▶ REQUIRED ACTION: Once the line containing "IOTXY 4-Tier Wooden" is found in the records below, return it and each following line exactly, up to and including the line containing "Saddlemen Roadsofa Seat", and nothing else.

▶ MATERIALS PROVIDED:
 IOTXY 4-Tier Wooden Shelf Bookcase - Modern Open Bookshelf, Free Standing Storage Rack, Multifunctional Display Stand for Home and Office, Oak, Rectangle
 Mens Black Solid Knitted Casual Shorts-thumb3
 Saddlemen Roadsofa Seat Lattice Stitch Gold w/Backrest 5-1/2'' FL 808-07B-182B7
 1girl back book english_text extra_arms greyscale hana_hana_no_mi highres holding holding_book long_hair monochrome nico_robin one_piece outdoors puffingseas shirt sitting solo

* * *

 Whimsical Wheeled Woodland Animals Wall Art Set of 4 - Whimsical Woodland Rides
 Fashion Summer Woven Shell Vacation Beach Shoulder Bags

▶ OUTPUT FOR THIS TASK:
 IOTXY 4-Tier Wooden Shelf Bookcase - Modern Open Bookshelf, Free Standing Storage Rack, Multifunctional Display Stand for Home and Office, Oak, Rectangle
 Mens Black Solid Knitted Casual Shorts-thumb3
 Saddlemen Roadsofa Seat Lattice Stitch Gold w/Backrest 5-1/2'' FL 808-07B-182B7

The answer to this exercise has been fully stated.